By Maja Peirce
Feasting your eyes on the milky way has become a rare occurrence with Phoenix’s increasing light pollution. Despite our modern desire for security lights, and string light decorations, there are steps some are taking in conservation of the natural spectacle of Cave Creek’s dark skies.
On June 15, the Cave Creek Town Council voted unanimously to approve revisions and updates to the lighting ordinance for both residential and commercial zones. Councilman Bob Morris brought forth an agenda item amendment to include lower temperature bulbs throughout the town, down to a maximum of 2700 Kelvin which reduces the visible blue light. The amendment helps protect dark skies.
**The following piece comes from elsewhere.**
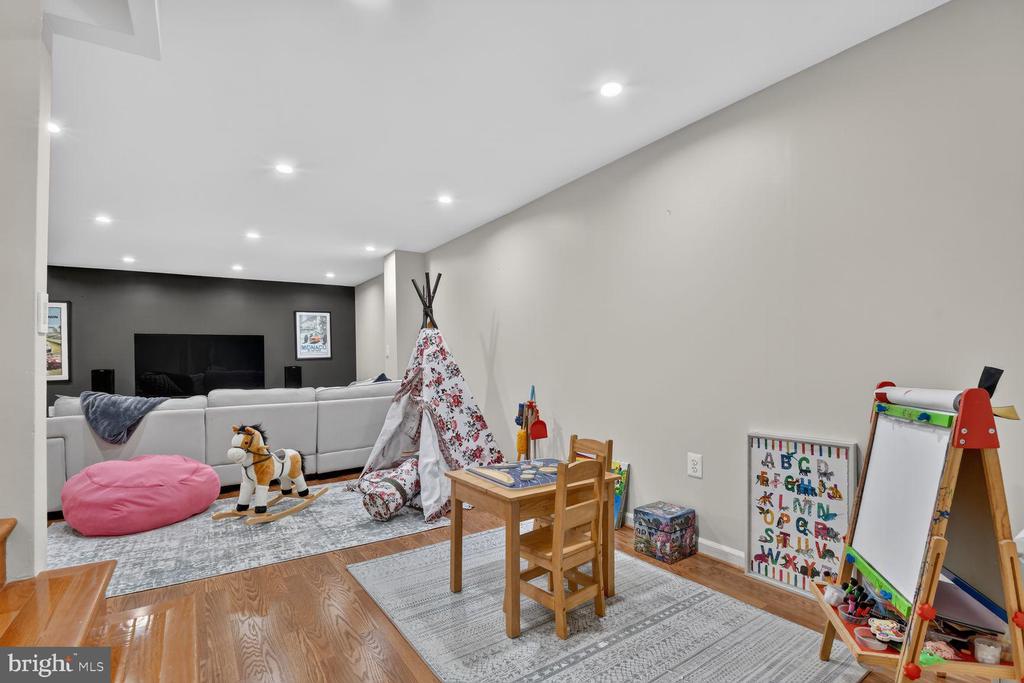 Playroom with a child-sized table, teepee, rocking horse, and adjoining family room.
There was an exception for horse arenas, which can choose to use up to 3000 Kelvin.
“We recognize the sun looks red when it’s setting because red light gets through but if you look up at the sky during the day, it looks blue because blue light scatters. What we prefer, is light that kind of flows out into space like the red light does instead of scattering back to us the way the blue light tends to,” said Thomas McGuire, town councilman.
Other minor changes were incorporated such as an update from watts to lumens to measure how much light is being emitted.
“Lumens actually measure the amount of light rather than wattage which simply measures how much energy you’re putting in. The modern light bulbs are more efficient so you get more light for less electrical energy. So instead of measuring the electrical energy, we want to measure how much light they’re putting out,” said McGuire.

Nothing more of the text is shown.